There are numerous reasons why people meditate. You can practice contemplative yoga or meditate for spiritual or energy objectives. Meditating makes you more comfortable, serene, and happy.
This practice has the following advantages:
- Reducing stress and sadness through diverting the mind’s focus away from concern, ideas, thoughts, goals, and other stressors, resulting in peace of mind and tranquility. A randomized controlled trial published in The Permanente Journal, for example, indicates that a transcendental meditation program can help personnel working in a therapeutic school for adolescents with behavioral problems reduce psychological discomfort.

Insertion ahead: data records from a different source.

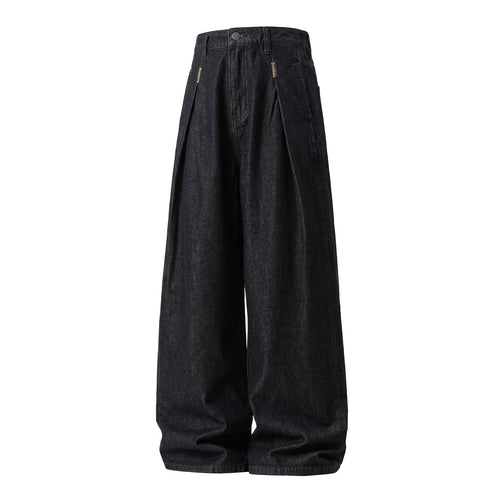 Damen Hochgeschnittene Extraweite Denim-Palazzohose mit Kellerfalten und weitem Bein Nord Taschen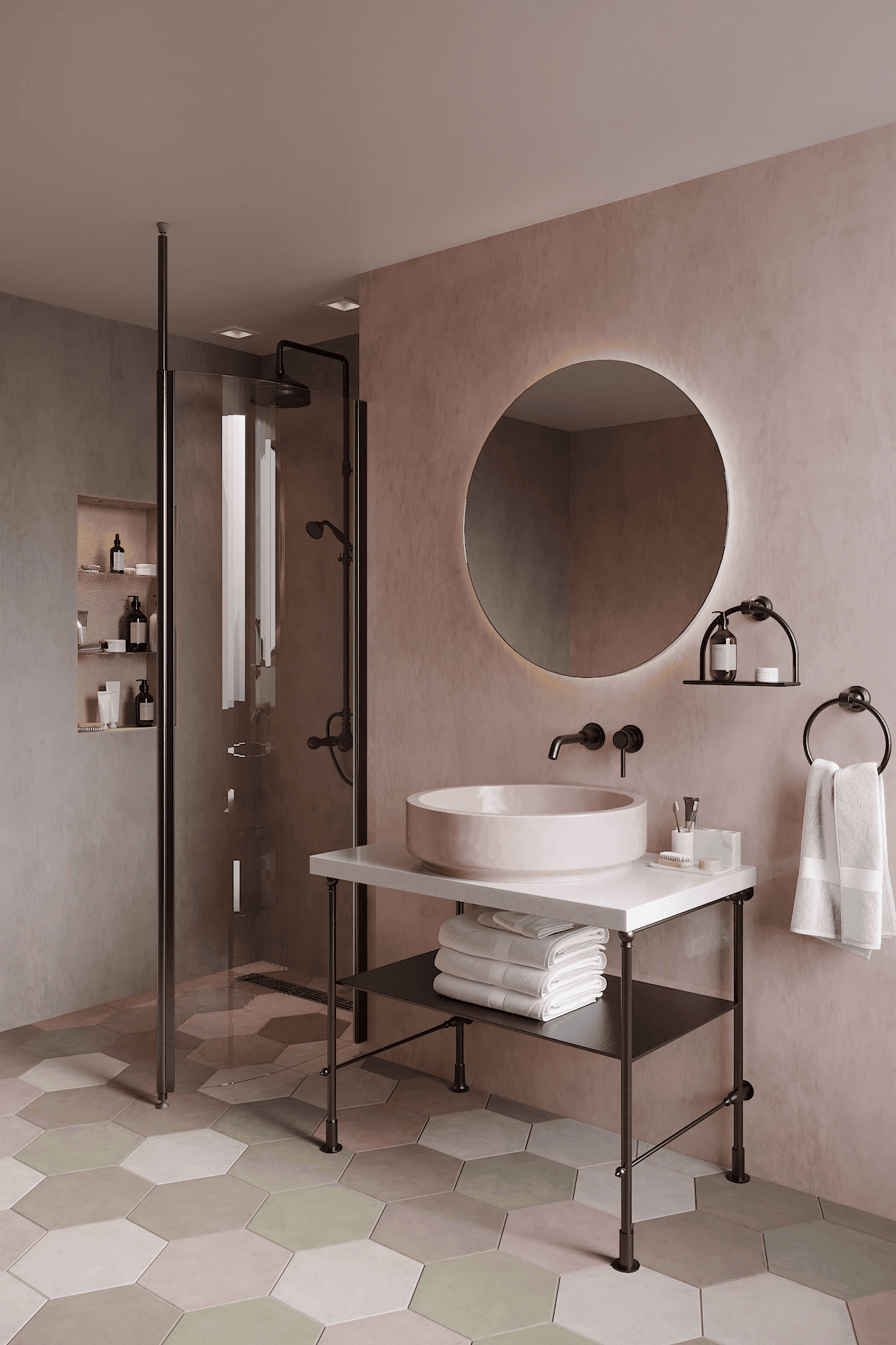 Curved shower screen with telescopic support Hietakari Infinia 121 – 5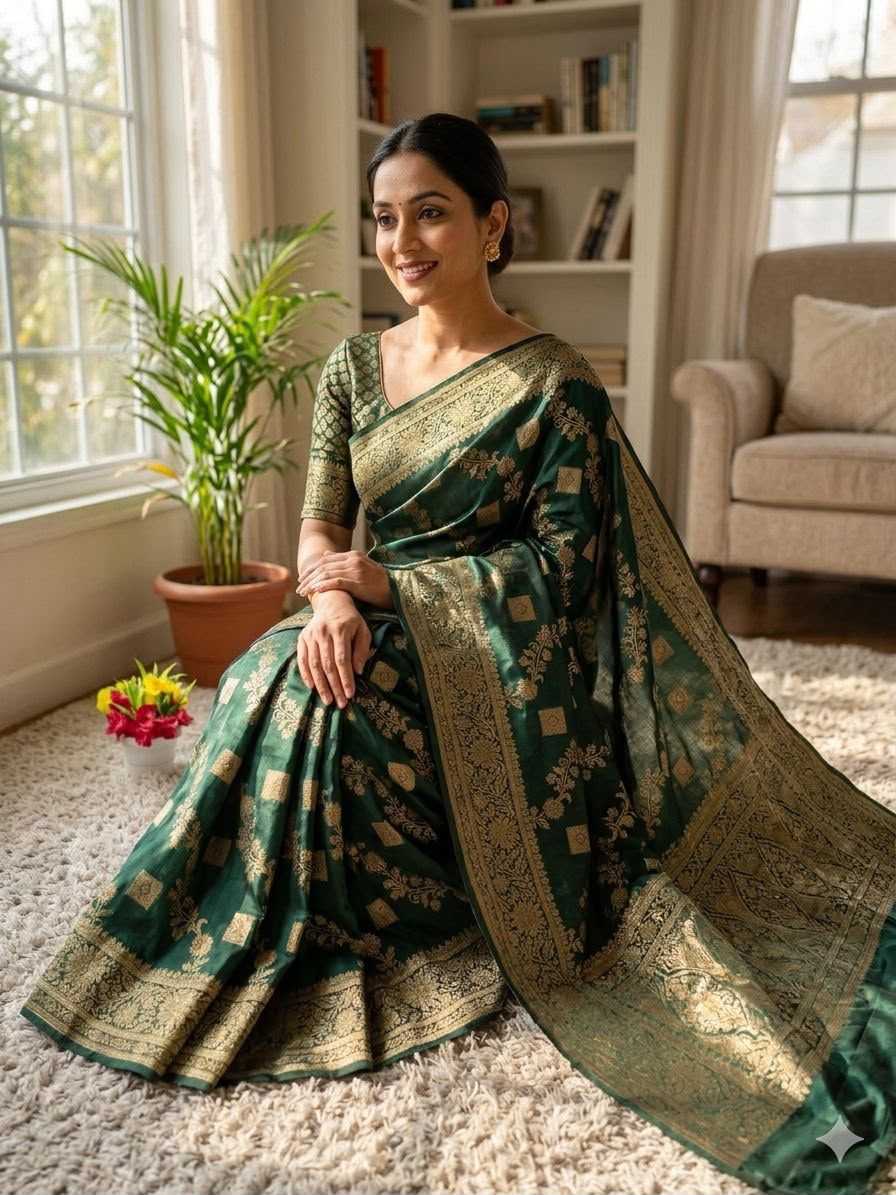 Banarasi Soft Silk Saree in Navy Blue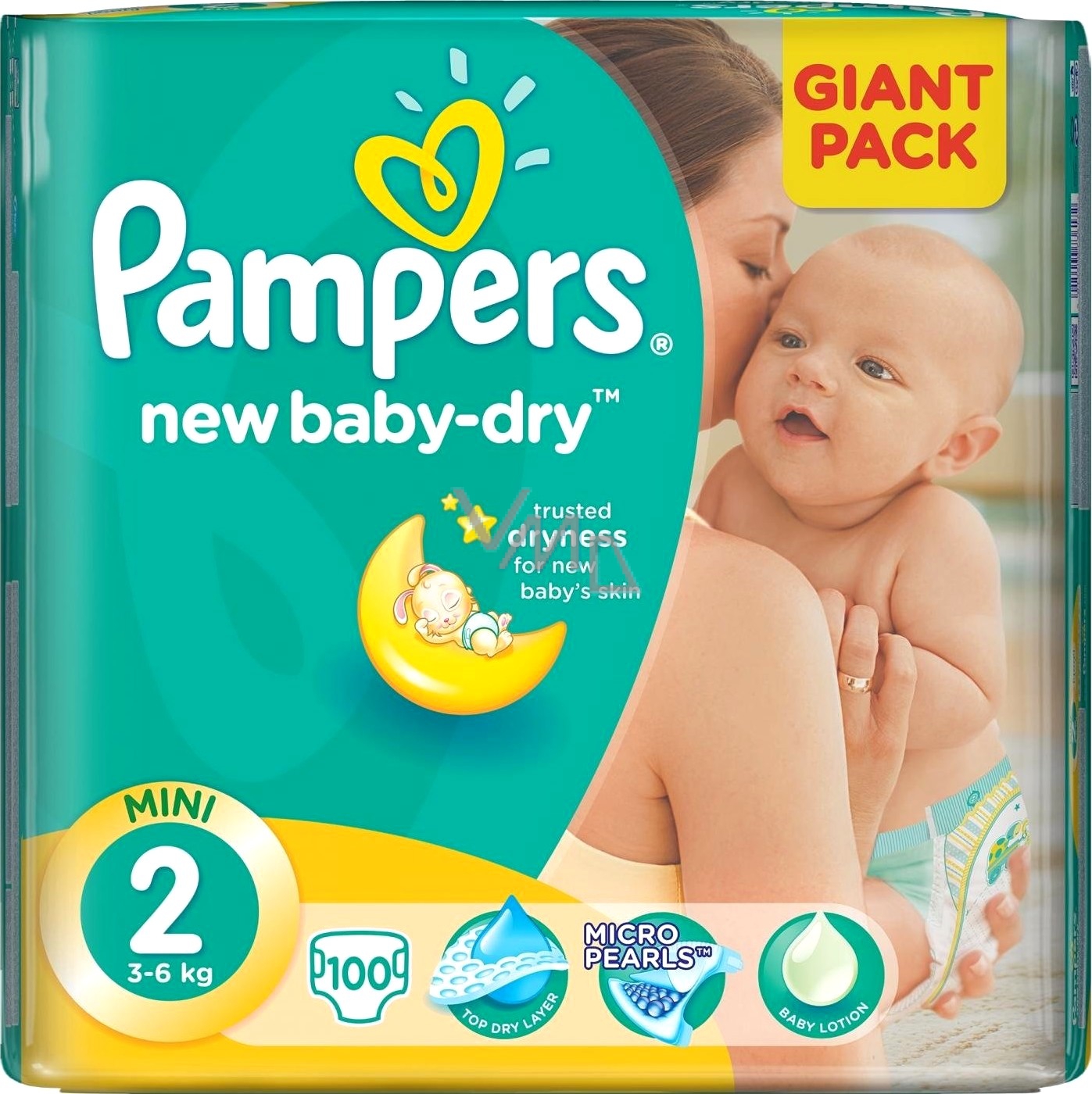 Jane Austen Generous mouth Pampers New Baby Dry 2 Mini 3-6 kg diaper panties 100 pieces - VMD  parfumerie - drogerie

- Sitting still while experiencing various emotions teaches you how to deal with both comfortable and uncomfortable situations in order to fulfill life’s demands with poise and grace.
- Increasing the formation of white blood cells and antibodies, which improves the immunological response.
- Increasing adaptability energy makes you less resistant to life changes.
- Increasing creativity, daily performance, IQ, and sleep quality.
- Reducing both physical and psychological discomfort.
- Reduces sympathetic overstimulation and lowers cholesterol and smoking.
- Assisting you in being a more positive influence in your personal life, at home, at work, and in society as a whole.
- According to meditators, following meditation, you may feel more energetic, charged, refreshed, content, and deeply connected with a completeness.
- It improves concentration, attention, and decision-making abilities.
- Clears the mind to organize it and makes one think better, be more patient, and feel less nervous. Recent research show that this approach complements treatment and is a low-cost helpful technique of offering support for persons experiencing anxiety, healthcare workers, patients, caregivers, and the general public during crises like as the COVID-19 global pandemic.
- Gives life and mental balance.
Meditation should be simple. Instead, be present at the moment and notice it without judging whether it is the correct or erroneous feeling. The total experience of meditation is indescribable. It cannot be fully conveyed by mere mental and physical feelings. Spiritual meditators may describe it as a holy experience since they are transported to a level beyond humans. Because everyone feels differently while meditating, the purpose of this practice is to allow yourself to have a truly deep experience rather than to feel something specific.
What does it feel like to meditate? You now know enough about this practice to realize that the emphasis should not be on selecting your meditation experiences, but on welcoming the different feelings and thoughts that emerge during the practice. Learning to appreciate and let go of everything that passes through your mind is vital on this mindful road. Remember to get expert assistance before beginning your meditation journey to ensure that you do it correctly.